匿名での執筆活動をはじめてから2年が過ぎた。幸運にも、こうやって雑誌で文章を書いたり、連載持ったりしている。

よく、なぜこの活動を家族に隠しているのか問われる。胸を張っていいと言われるが、わたしはまだ作家ではないから、その気にはなれない。定職にも就かず、東京でひとり暮らしているわたしを、両親は内心情けなく思っているだろう。歳を重ねる度に結婚や出産を期待されていて、それが悔しくて仕方ない。

わたしには「何にもない」と思われているのだろう。

※この記事は『クイック・ジャパン』vol.154に掲載のコラムを転載したものです。

母の懺悔

乗代雄介『旅する練習』

昔から、兄たちを超えたくてもがいてきた。優秀な彼らはいつもほめられていた。末っ子のわたしは、共働きで忙しい両親にとにかく自分を見てほしくて、勉強もスポーツも頑張った。それでも兄たちにかなうはずはなくって、コンプレックスを抱えながら大人になった。現在、結婚して子供も授かった彼らは、わたしからすればもっとずっと遠いところにいる。

乗代雄介著『旅する練習』では、サッカーが得意な少女・亜美と、小説家の叔父である私が、千葉の我孫子から鹿島まで歩く風変わりな旅に出る。「サッカーの練習をしながら宿題の日記を書く」亜美のかたわらで、ひたすら風景を描写する私は、旅の途中でみどりさんという心優しい女性と出会い、行動をともにすることになった。「私には何もない」と嘆くみどりさんだったが、この旅を通じて自分の生きる道を見いだす。

2年前、母が義姉にこう言った。

「この子ね、親の贔屓目なしで、いろんなことに対して才能があったんよ。特に表現することが上手で。三兄弟で一番抜きん出てたのがこの子。でもね、わたしたち夫婦は普通じゃないことが怖かった。どうにか普通に育てたくて、この子の可能性をねじ曲げるような育て方をした。そんなことせずにのびのび育ててたら、今頃大物なってたんじゃないかって、今でも思うんよ」。

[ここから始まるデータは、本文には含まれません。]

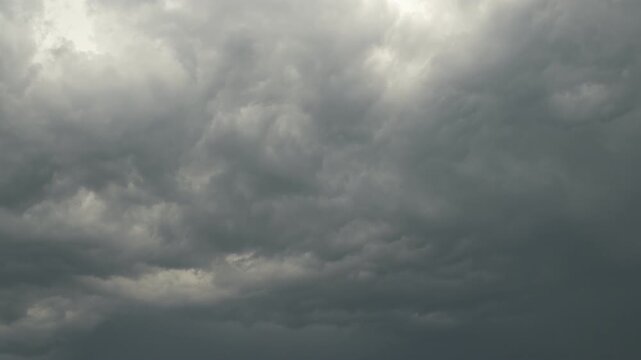 timelapse of textured storm clouds pierced by light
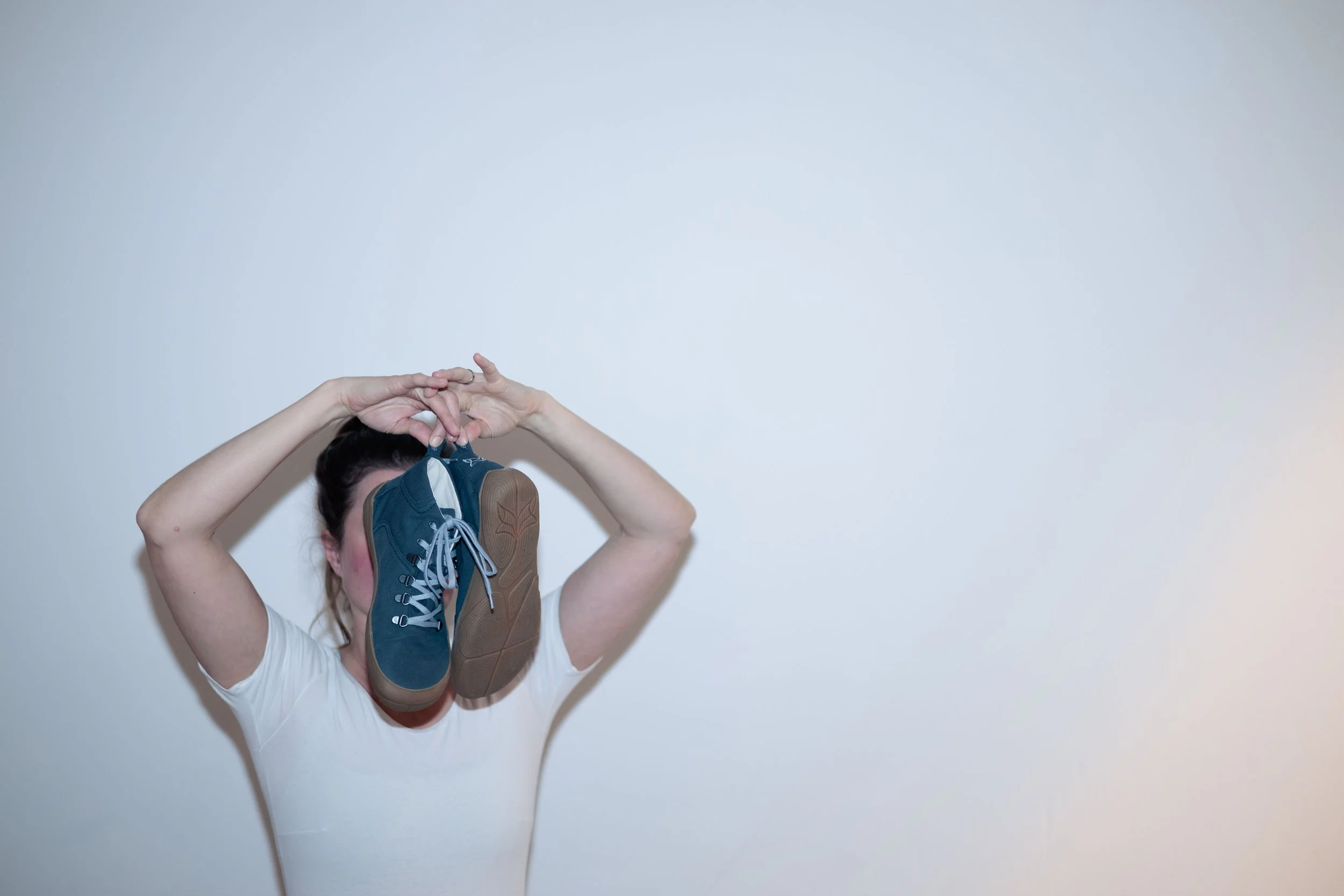 Fashion photography München. Frau steht vor einer weißen Wand und hält sich ein paar Schuhe vor das Gesicht.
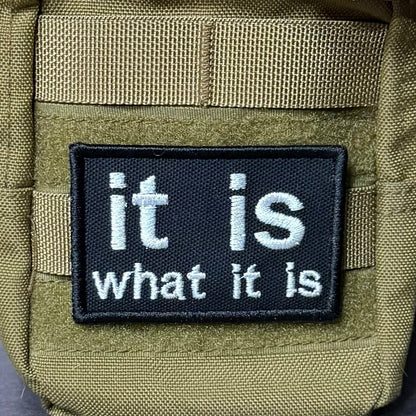 It Is What It Is Funny Morale Patch, 2x3" | Made in USA | VELCRO® Brand Hook Backing
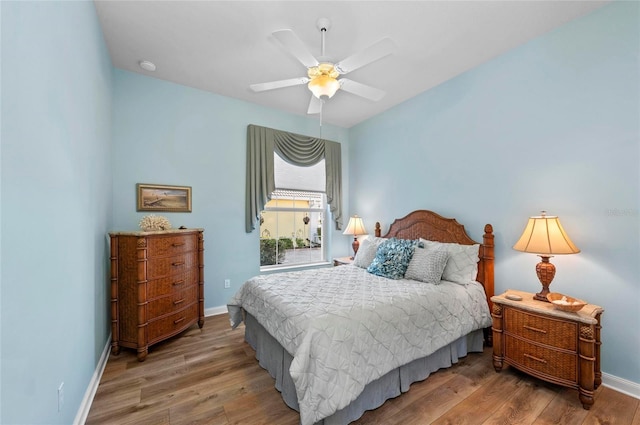 bedroom featuring ceiling fan, baseboards, and wood finished floors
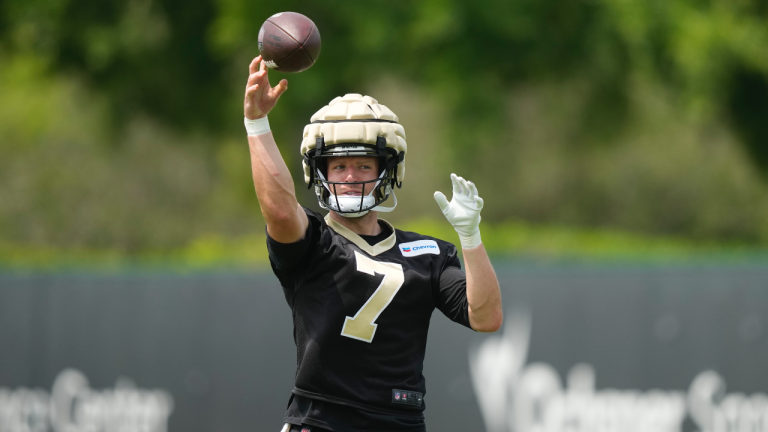 New Orleans Saints tight end Taysom Hill (7) runs through drills at the team's NFL football minicamp in Metairie, La., Thursday, June 15, 2023. (AP Photo/Gerald Herbert)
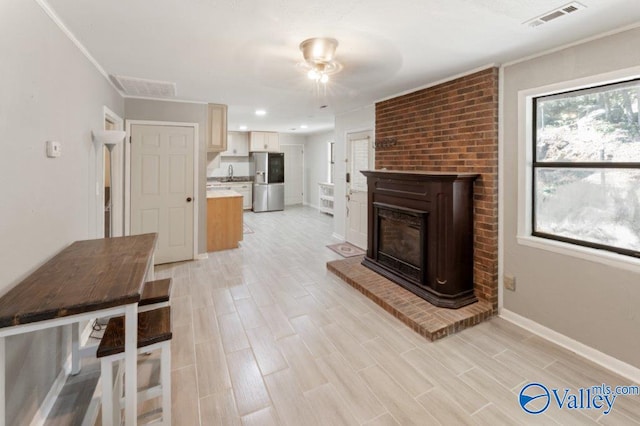 unfurnished living room featuring light wood finished floors, visible vents, a ceiling fan, and a sink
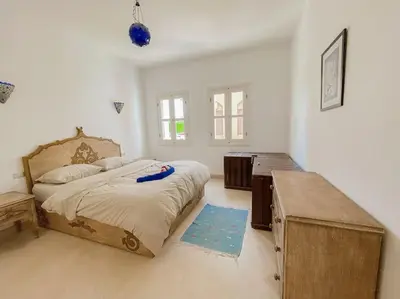 a bedroom with a large bed and a wooden table at 1-Bedroom Apartment in Abu Tig Marina + Roof Top in Hurghada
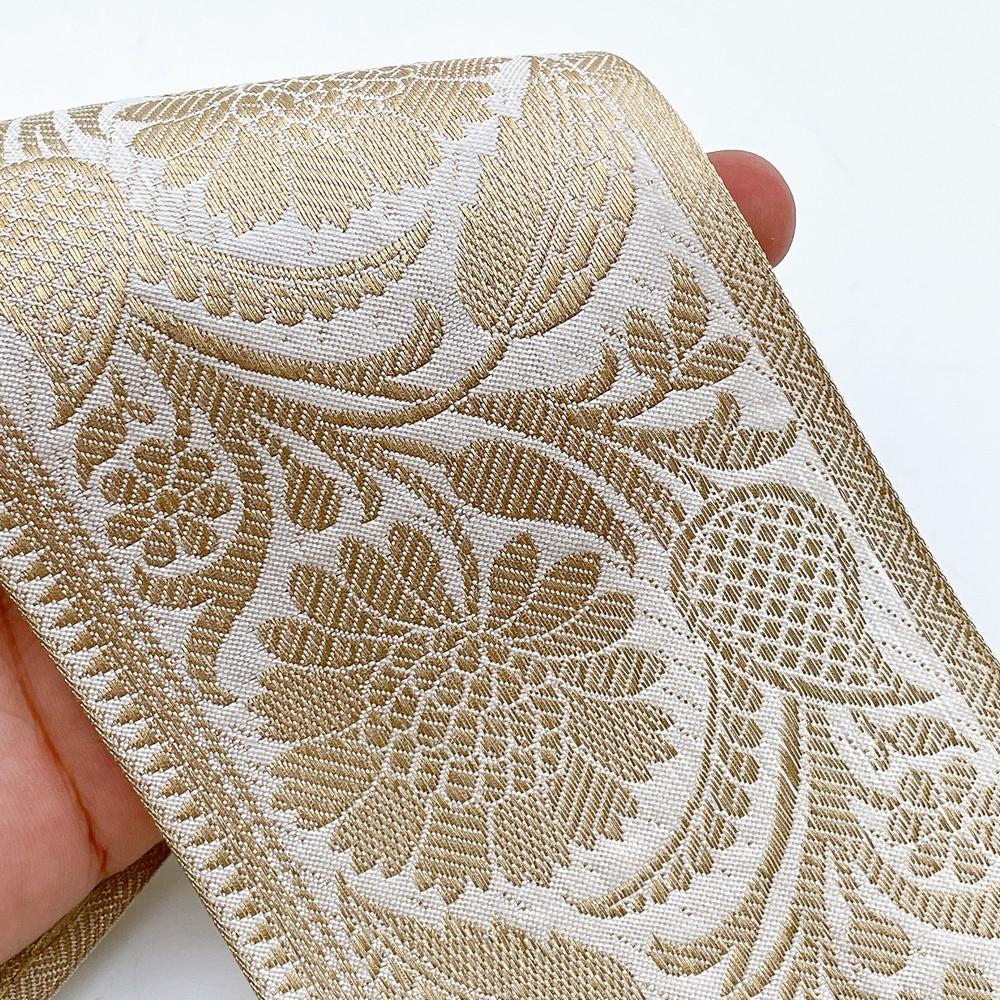 95mm Wide Floral Motif Dyeable Lace Tape - Ready-to-Dye Zari Trim for Sarees and Lehengas, shown on white cotton
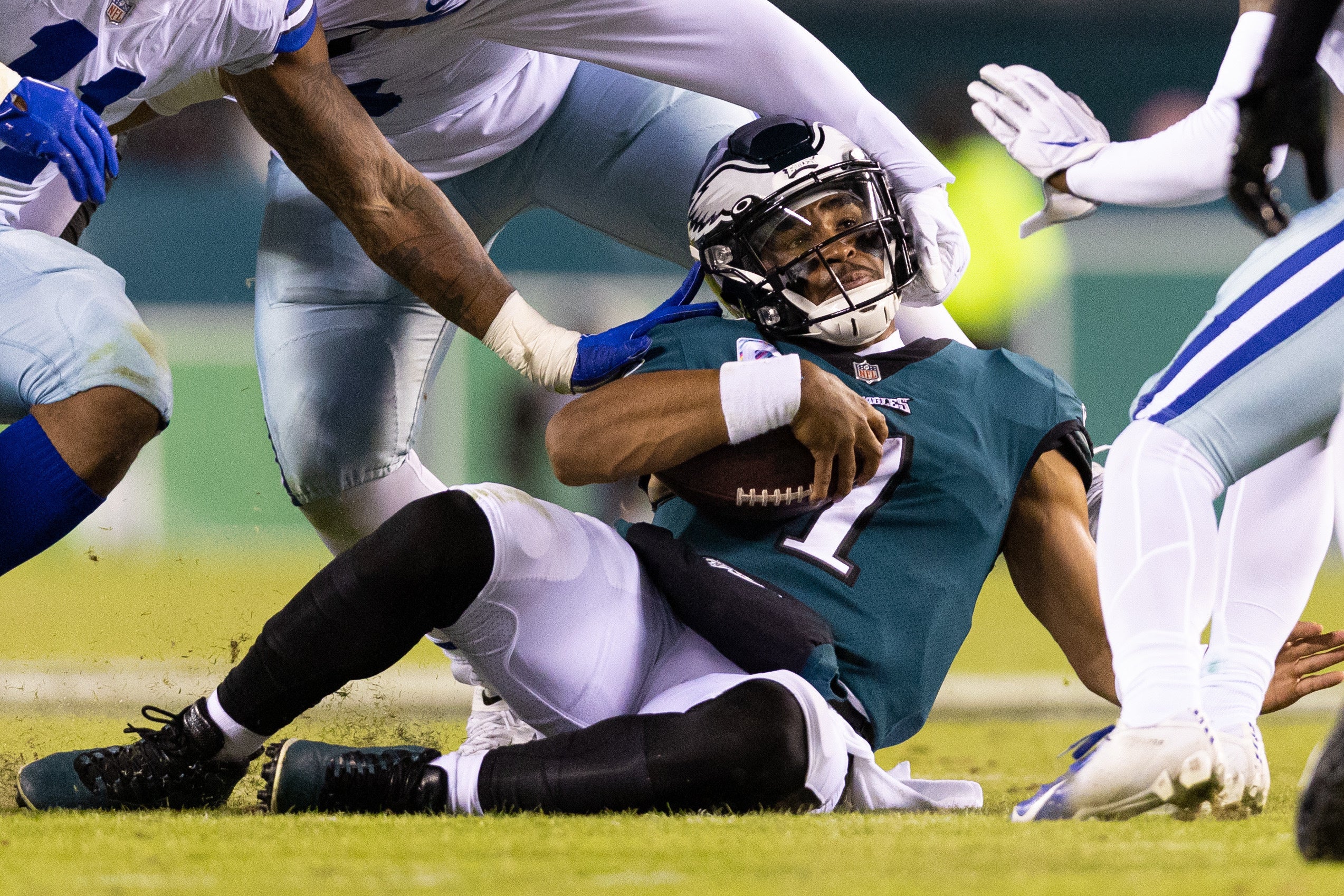 Oct 16, 2022; Philadelphia, Pennsylvania, USA; Philadelphia Eagles quarterback Jalen Hurts (1) is tackled by Dallas Cowboys defensive tackle Quinton Bohanna (98) and linebacker Micah Parsons (11) during the fourth quarter at Lincoln Financial Field. Mandatory Credit: Bill Streicher-USA TODAY Sports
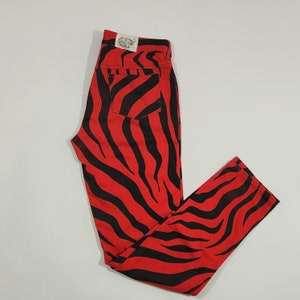 Könnte beinhalten: Rote und schwarze Jeans mit Zebra-Muster. Die Jeans haben eine hohe Taille und ein gerades Bein.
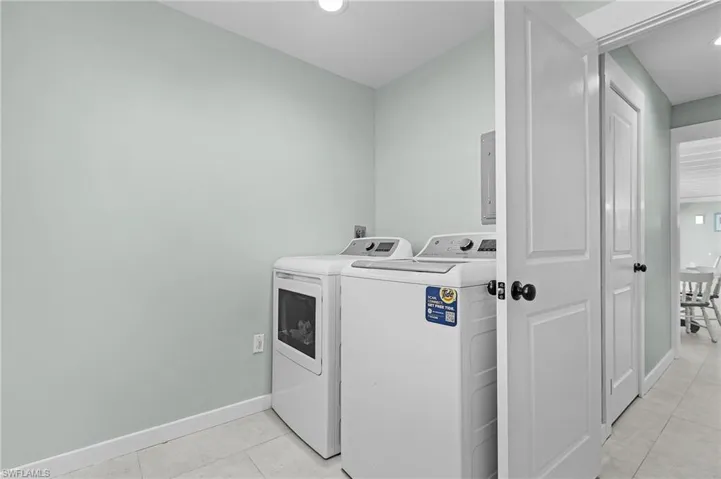 Laundry Room featuring washer and dryer and light tile patterned floors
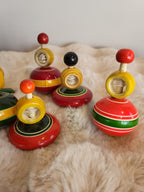 Channapatna wooden spinning tops side view showing domed lacquered body, ring spool and coloured ball top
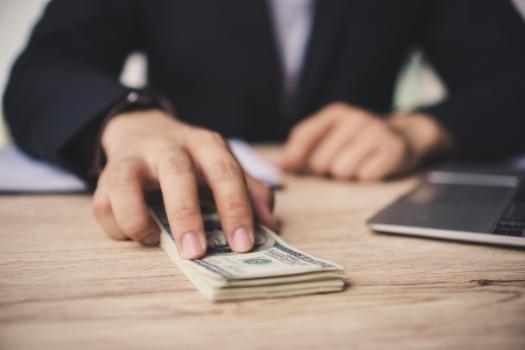 Person pushing money across desk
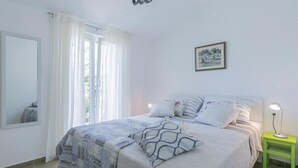 Een slaapkamer met een bed, een nachtkastje met een lamp, een lijst met een afbeelding aan de muur en een raam met gordijnen.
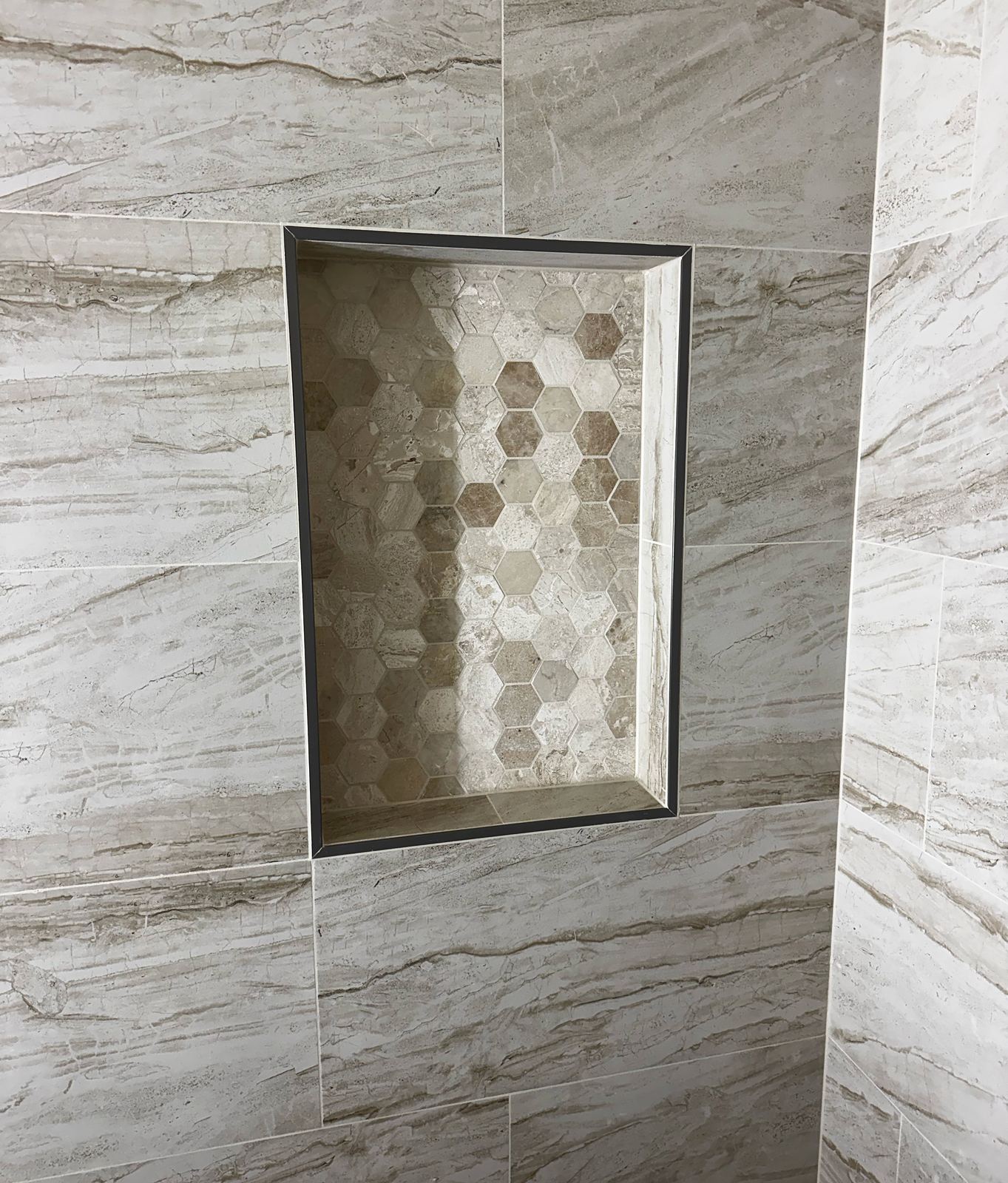 Recessed shower niche with hexagon mosaic tile and dark metal edge trim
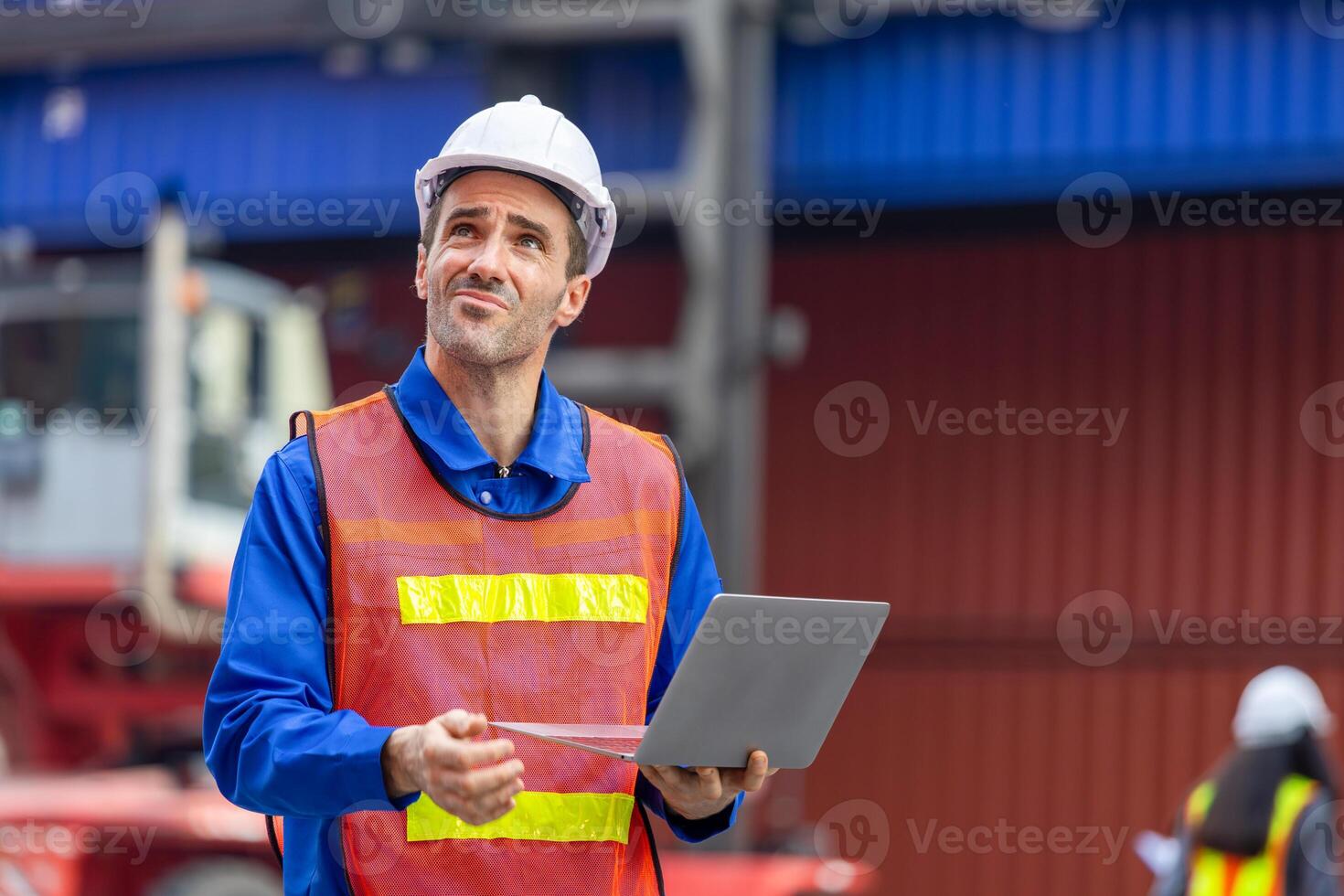 Engineer man with laptop inspecting containers box at shipping port, Foreman worker with blurred female engineer in background working at shipping yard photo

母の懺悔のような言葉はわたしの心の奥深くに刺さり、涙になって流れた。

本作を読んでいたら急にこのときのことが蘇って、わたしは切なさで身が持たない。大物になんてなれないよと苦笑しつつも、もっとたくさん文章を書いてプロになりたい気持ちが勝る。

両親が願っていた生き方はできないと思っていたが、わたしの可能性を誰よりも早く信じていたのは紛れもなく両親だった。わたしはみどりさんが決意したように「大切なことに合わせて生きる」人生を選んで加速している。

この選択に迷いはない。だからなにも後悔しないでいいと言ってあげたい。わたしは自分の生き方を、ちゃんと見つけたのだ。